Good for interior and trim, but needs to be re-applied on external surfaces regularly.

I prefer Optimum Opti-seal for glass coating. Beads up the water really well, hardly use wipers if I'm going more than 30mph.


----------



## Ware (Jan 28, 2017)

kds said:


> I put the Bosch Icon blades on my truck and holy cow, those things are no joke. Those are going to be my go-to blades now.


----------



## gilly (Oct 31, 2018)

gregonfire said:


> Have to agree with others about the PIAA blades. They are freaking awesome. It's all I buy. They last forever too.

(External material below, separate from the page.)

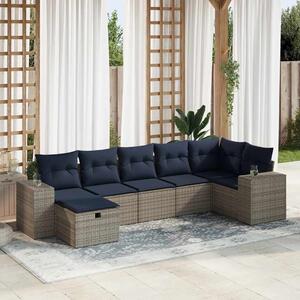 7 részes szürke polyrattan kerti ülőgarnitúra párnákkal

^this. I've been using piaa Silicone blades since high school (a long time ago). Will never use anything else. I've had the ones on my land cruiser for almost 5yrs. and they're still running great. Add a little rain-x to the blades and windshield Once or twice during the rainy season and you're golden. I'm in Oregon too and we tend to get a decent amount of rain.


----------



## Jacks_Designs (May 4, 2020)

PIAA blades have been mentioned a few times now. I'll never go back to anything else.

I used to have a friend that worked at an auto parts store. They wouldn't carry them because they'd expect less people to buy wiper blades over time. Wiper blades are a nice source of revenue for those stores so it's not in their best interest to have PIAA blades.


----------



## Mightyquinn (Jan 31, 2017)

I do find it interesting that Valeo and Rain-x both have Silicone wiper blades now. I just don't how much Silicone they have in them compared to the PIAA blades.


----------



## ScottW (Sep 16, 2019)

Hmmm... I've been a Bosch ICON user for years. Very happy with them, but might have to give the PIAA blades a look next time I'm in need.
I tried some Rain-X blades once on wifey's car. Main problem was that removing them ~2 years later required snapping their ill-conceived plastic adapters into multiple pieces because they wouldn't release from the J portion of the wiper arms. Wouldn't use those again even if they were free.

I used to use Rain-X on my windshield until I discovered Aquapel. Application requires a bit more effort to buff it down (it's thicker) but it lasts 6-9 months instead of 6-9 weeks. Last coat on my daily went on in April and it's still working okay. Gonna do another coat probably this week to make sure I'm good through winter.


----------